Help with Cloudflare Bypass Issues
I have been trying to scrape a website for the last month but keep running into Cloudflare problems. When I use just Puppeteer by itself, I get stuck on a page that says “Waiting for the website to respond” pretty often.
I tried different methods to fix this:
- Using Puppeteer with proxy rotation
- Adding the stealth plugin for puppeteer-extra
- Switching to puppeteer-real-browser with proxies
- Combining puppeteer-real-browser with FlareSolverr and proxy rotation
My Current Setup
Right now I am using FlareSolverr to make a request first. Then I take the cookies and user agent from that request and give them to Puppeteer. But I have two main problems:
-
FlareSolverr cannot solve the challenge - When it finds a Cloudflare challenge, it just times out and gives me an error message
-
Puppeteer still gets blocked - Even when FlareSolverr works and I copy the cookies and user agent, Puppeteer still hits the Cloudflare page
It seems like FlareSolverr might not be finding the challenge correctly, so it does not get the right cookies.
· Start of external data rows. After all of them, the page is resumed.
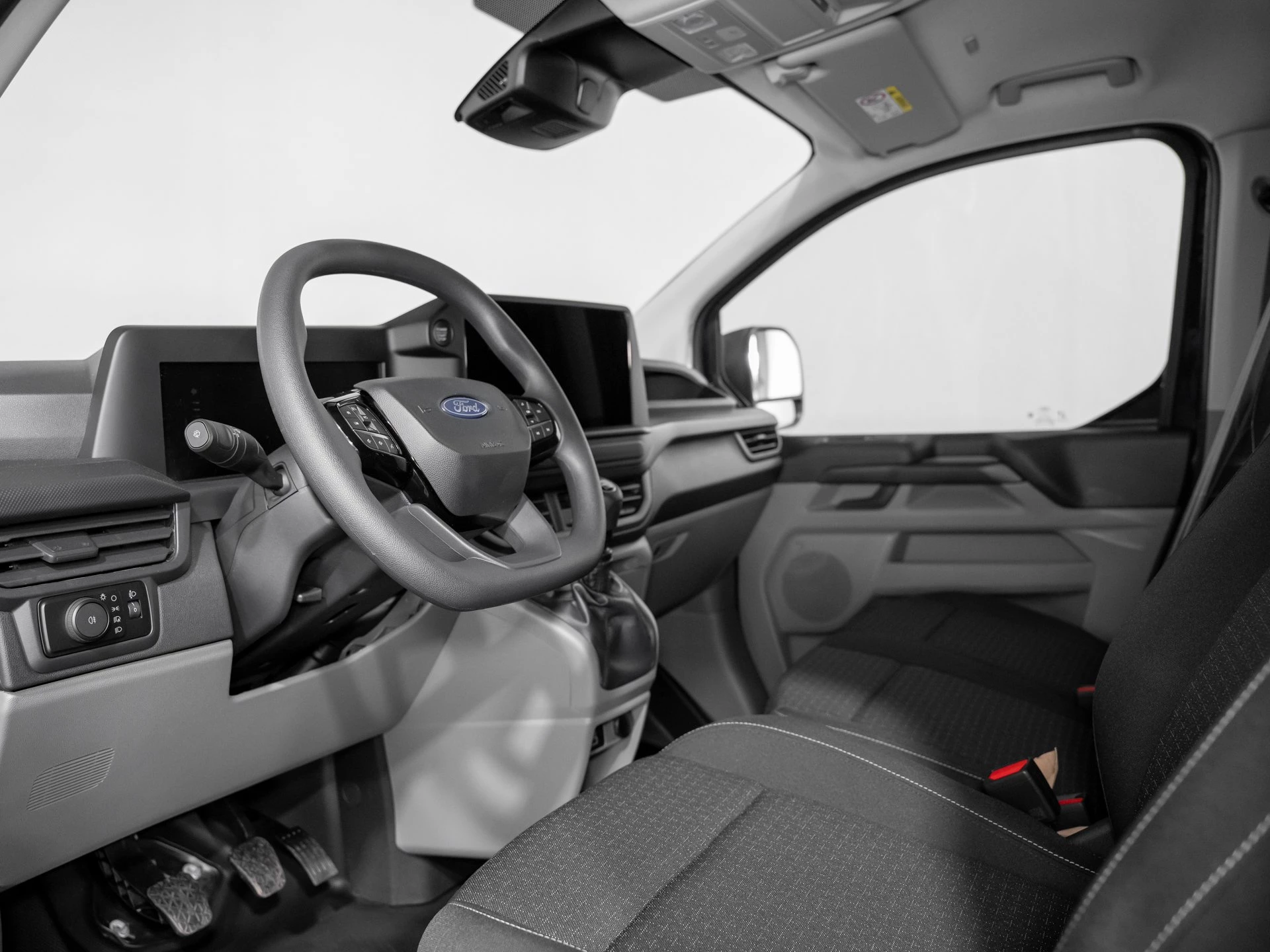 Ford Transit Custom Trend Kasten 2.0 EB 280 L1 LED RFK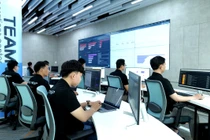 Diễn tập thực chiến an ninh mạng lần thứ nhất vừa được tổ chức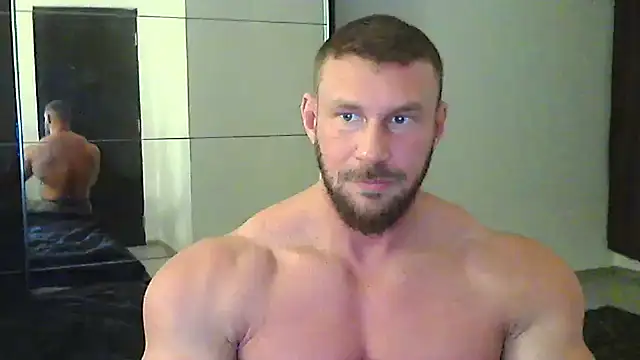 muscularkevin online show from 11-26-25, 02:29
What am I missing here? Is there a better way to make Puppeteer work with Cloudflare protection?
let solverResponse;
let retryCount = 0;
const maxRetries = 3;
// Make request through solver service
while (retryCount < maxRetries) {
try {
const requestOptions = {
method: "POST",
headers: { "Content-Type": "application/json" },
body: JSON.stringify({
command: "get.request",
targetUrl: pageUrl,
timeout: 8000,
sessionToken: solverSession,
}),
};
let apiResponse = await fetch("http://localhost:8191/v1", requestOptions);
solverResponse = await apiResponse.json();
if (solverResponse?.status === "failed") {
throw new Error(solverResponse?.error ?? "Solver service failed");
}
break;
} catch (err) {
retryCount++;
if (retryCount === maxRetries) {
throw new Error(`Request failed after ${retryCount} tries: ${err.message}`);
}
await new Promise((wait) => setTimeout(wait, 2000));
}
}
if (!solverResponse) throw new Error("No response from solver service");
const sessionCookies = solverResponse.result.cookies;
const browserAgent = solverResponse.result.userAgent;
if (!browserAgent) throw new Error("Missing user agent");
if (sessionCookies.length > 0) {
await puppeteerBrowser.setCookie(
...sessionCookies.map((item) => ({ ...item, expires: item?.expiry || 0 }))
);
}
await currentPage.setUserAgent(browserAgent);
await sleep(Math.random() * 5000 + 2000);
await currentPage.goto(pageUrl, { waitUntil: "domcontentloaded" });
const pageHtml = await currentPage.content();
return pageHtml;